I

Je m'intéresse à la question de la vérité dans ce qu'elle a d'impossible et de la liberté en tant qu'elle est contradictoire. Ce qui est mon souci principal, c'est l'erreur, la bêtise, notre rationalité trop limitée notamment au niveau collectif et notre difficulté à nous entendre et savoir quoi faire mais je m'intéresse surtout aux dispositifs concrets d'une démocratie cognitive, de la construction d'une intelligence collective permettant une véritable autogestion responsable et prudente, pas simplement une auto-organisation aveugle et sans mémoire, ceci dans un environnement complexe dont on ne peut connaître qu'un bout, à l'ère de l'information qui bouscule tous nos repères, avec un sens hérité qu'il nous faut non seulement continuer mais reconstruire à chaque fois.

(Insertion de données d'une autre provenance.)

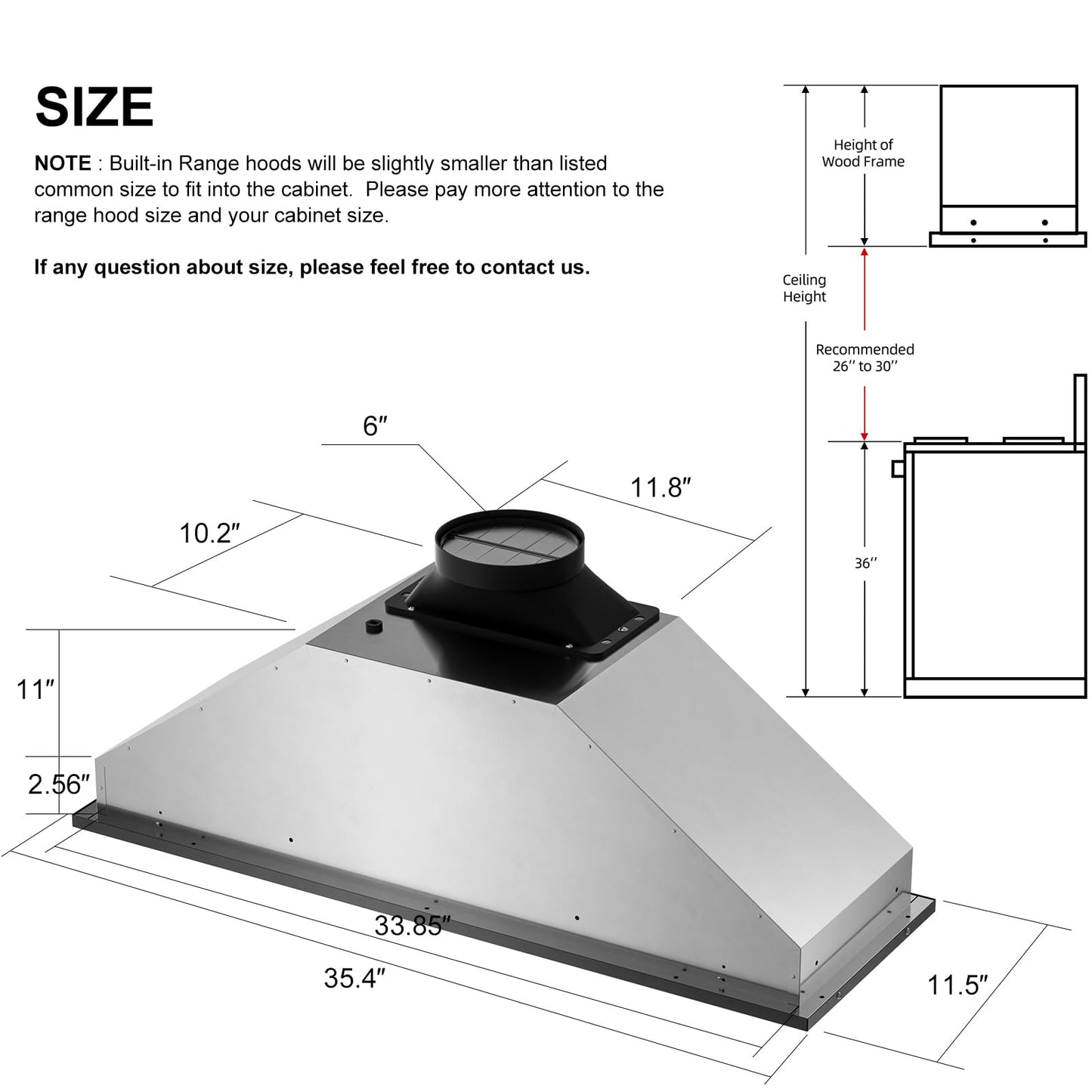 BRANO Range Hood Insert 36 Inch, 900 CFM Voice/Gesture/Touch Control Build-in Kitchen Hood Vent with 4 Speed Exhaust Fan, Memory Mode, Adjustable Lights, Ducted/Ductless Convertible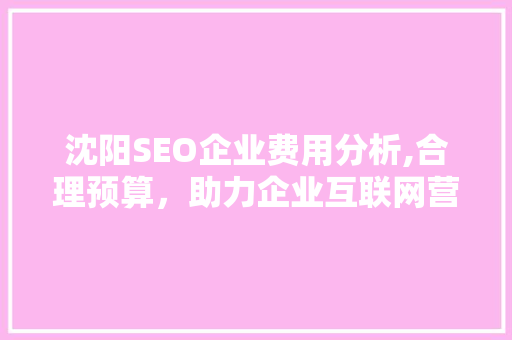 沈阳SEO企业费用分析,合理预算，助力企业互联网营销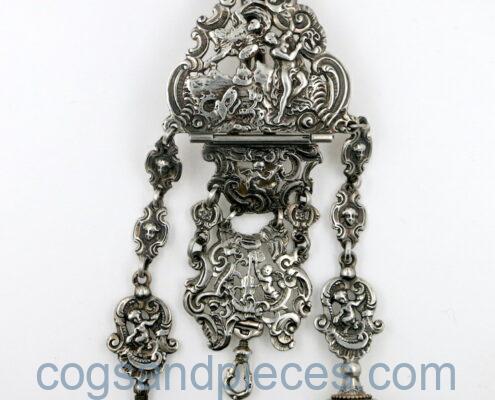 Silver Pocket Watch Chatelaine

Ce qui me passionne dans la science comme dans la technique, ce n'est pas le savoir positif ni la performance, c'est d'être configurateurs de monde et de contredire nos évidences, de matérialiser nos limites cognitives mais aussi de nous rendre responsables de leurs conséquences imprévues et d'essayer d'y répondre à temps, de savoir ce qu'il faudrait faire en allant y voir de plus près.

II

Le passage à l'ère de l'information, de l'écologie et du développement humain n'a pas trouvé encore sa traduction institutionnelle qui semble bien devoir rejoindre les propositions de Jacques Robin et d'André Gorz (travail autonome ou quaternaire, revenu garanti, associations ou coopératives municipales, monnaies locales), propositions que je défends dans différentes revues mais dont je sais qu'elles ne sont absolument pas crédibles pour l'instant et rencontrent là aussi nos limites conceptuelles. Pour la construction d'une intelligence collective et d'une démocratie cognitive à l'ère de l'information, tout reste à faire... Dans l'état actuel de désorientation il serait urgent de s'y mettre.